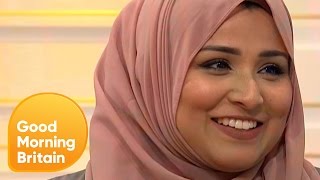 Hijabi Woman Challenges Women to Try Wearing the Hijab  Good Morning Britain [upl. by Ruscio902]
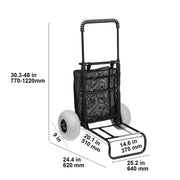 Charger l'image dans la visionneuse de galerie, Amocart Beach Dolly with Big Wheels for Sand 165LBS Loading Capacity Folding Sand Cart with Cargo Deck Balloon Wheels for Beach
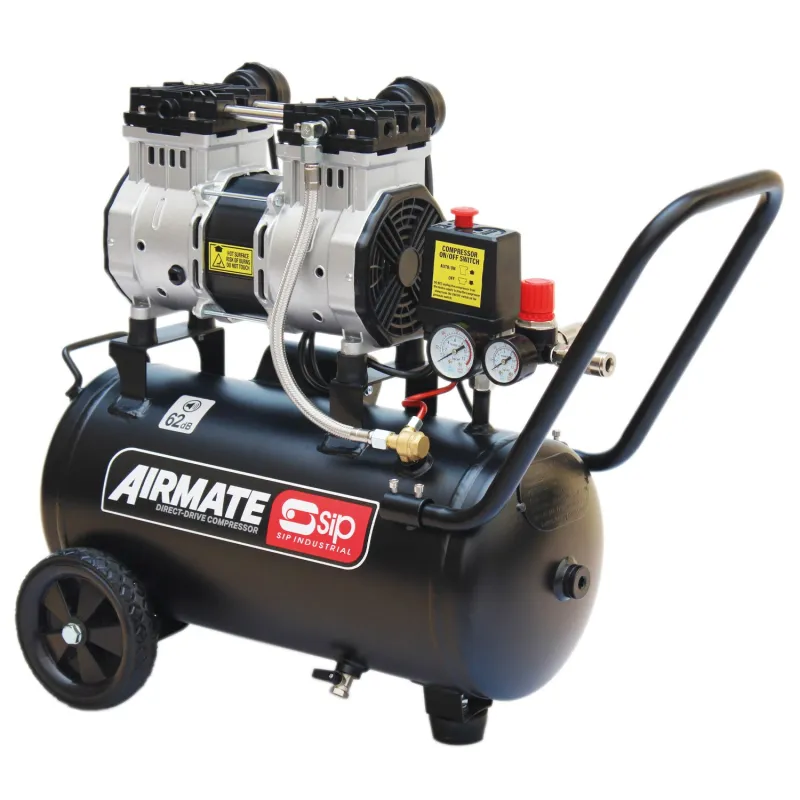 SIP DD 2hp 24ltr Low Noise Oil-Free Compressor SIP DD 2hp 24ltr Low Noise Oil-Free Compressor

════════

**WORK TO COMPLETE:**
For the material above, give every line again exactly and leave out the pictures.

**ANSWER SPACE:**
 Hijabi Woman Challenges Women to Try Wearing the Hijab  Good Morning Britain [upl. by Ruscio902]
 Charger l'image dans la visionneuse de galerie, Amocart Beach Dolly with Big Wheels for Sand 165LBS Loading Capacity Folding Sand Cart with Cargo Deck Balloon Wheels for Beach
 SIP DD 2hp 24ltr Low Noise Oil-Free Compressor SIP DD 2hp 24ltr Low Noise Oil-Free Compressor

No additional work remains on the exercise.